A Conversation with Randall Griffey
Join us for a conversation between celebrated American art curator, Randall Griffey, visiting senior curator of modern and contemporary art, Diana Tuite, and University of Iowa Stanley Museum of Art director, Lauren Lessing, as they discuss Alice Neel’s 1967 painting The Black Boys, on loan to the Stanley from the Tia Collection in Santa Fe, New Mexico. Griffey, who co-curated the blockbuster exhibition Alice Neel: People Come First, which opened at the Metropolitan Museum of Art in 2021, will share insights into Neel’s work and career and discuss how this exhibition helped the Met widen and diversify its audience.
Randall Griffey is the new head curator for the Smithsonian American Art Museum. Prior to joining the Smithsonian in July 2022, he served for nine years as curator of modern and contemporary art for the Metropolitan Museum of Art. In addition to Alice Neel: People Come First, Griffey also recently curated Reckoning with Modernism, part of the expansive sesquicentennial exhibition Making The Met, 1870–2020 (2020). He organized, in close collaboration with the Cree artist Kent Monkman, the groundbreaking Great Hall Commission mistikôsiwak (Wooden Boat People) (2019–2021), a monumental diptych addressing the history and issues of the colonization of North America that became part of the Met’s permanent collection. His efforts at the Met substantially increased the representation of women and artists of color in the collection through major reinstallations and reinterpretations of permanent collection galleries.

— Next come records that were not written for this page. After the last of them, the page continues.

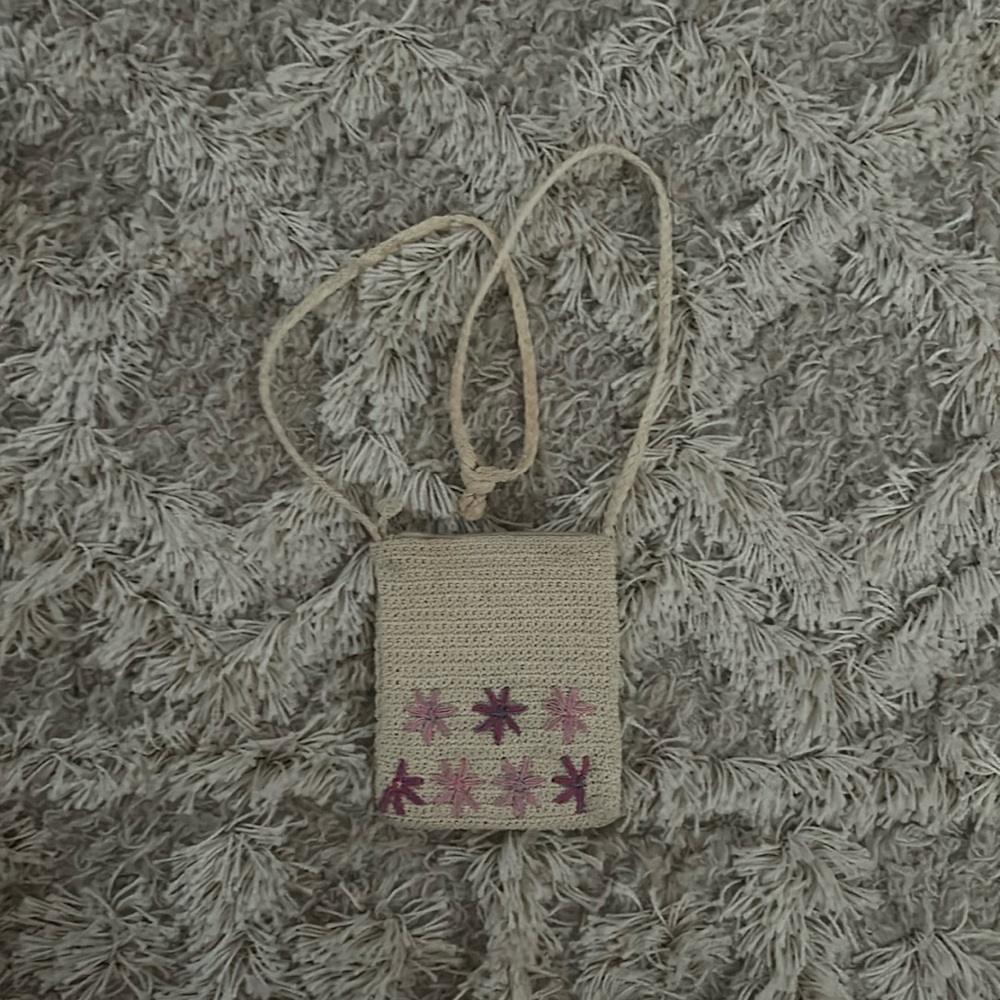 Woven bag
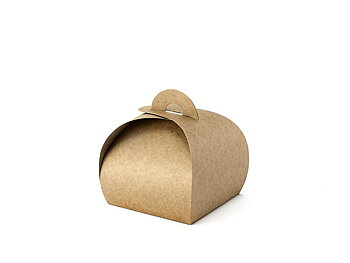 Presentask Natur (6 x 6 x 5,5 cm)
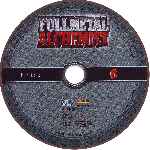 cartula cd de Fullmetal Alchemist - 2003 - Disco 06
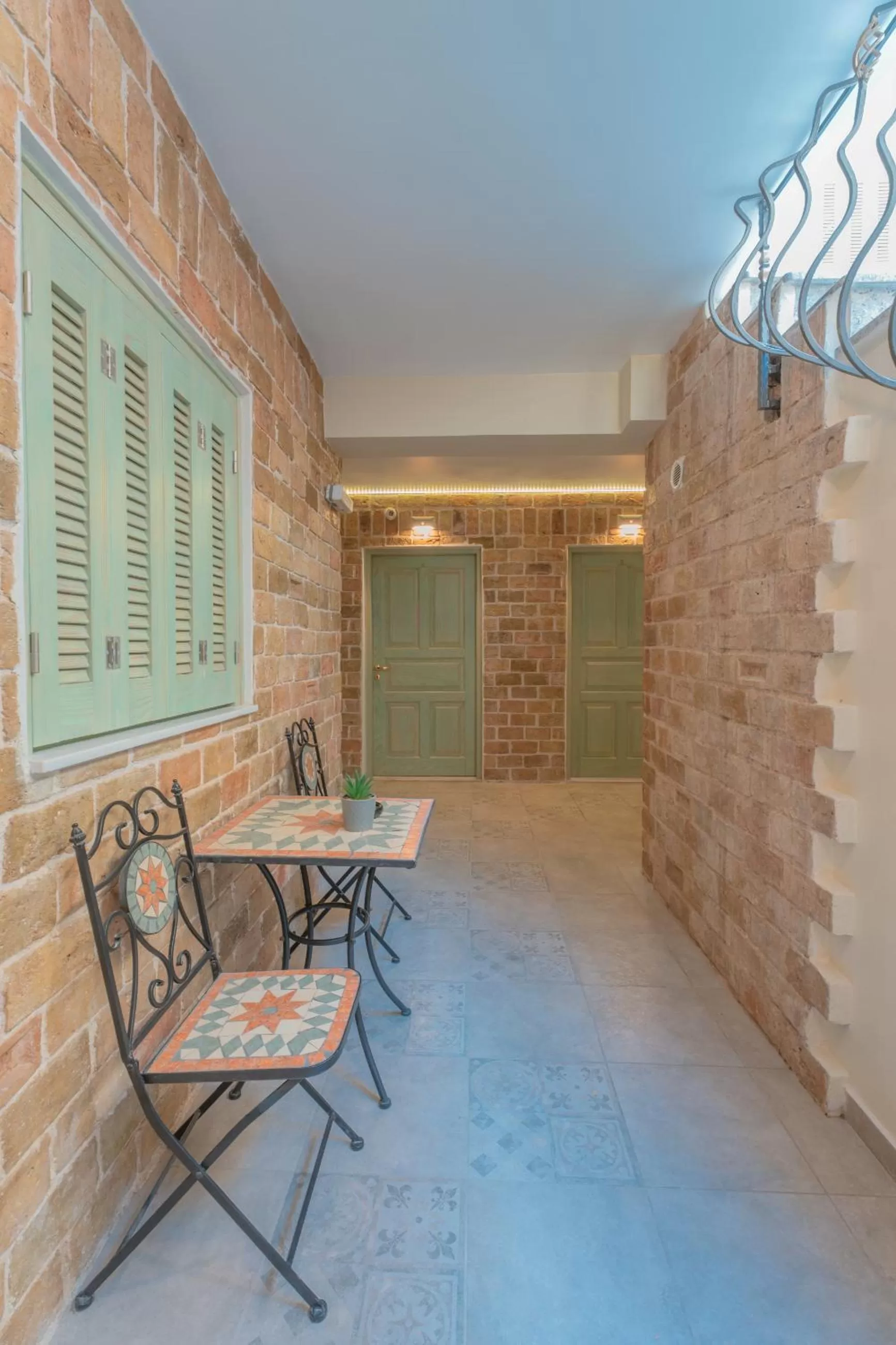 The Stone Manor , Noho boutique hotel Thissio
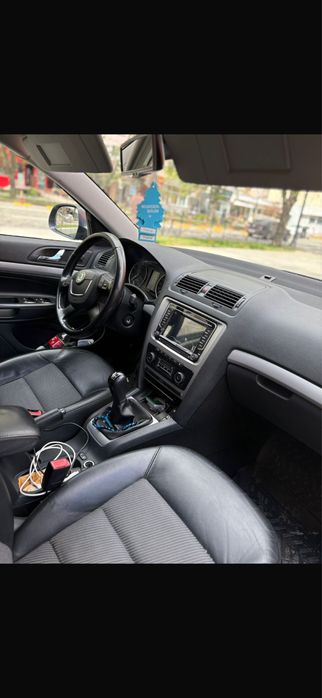 Skoda octavia 1.4 tsi - 6 trepte - trapa - xenon
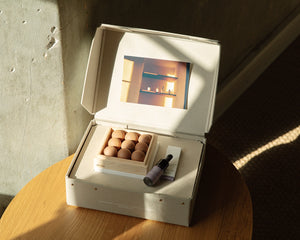 FRAMA | Gift Box: From Soil To Form Diffuser + Oil | Painted Desert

Previously, Griffey was a curator of American art at the Nelson-Atkins Museum of Art in Kansas City, Missouri (1999–2008) and curator at the Mead Art Museum at Amherst College (2008–2011), where he also served as head of curatorial affairs in 2012. He completed the Center for Curatorial Leadership program in 2016. He has spoken publicly on a wide range of topics and has written extensively for scholarly and museum publications. Currently, Griffey is a member of the advisory council of the Renee & Chaim Gross Foundation.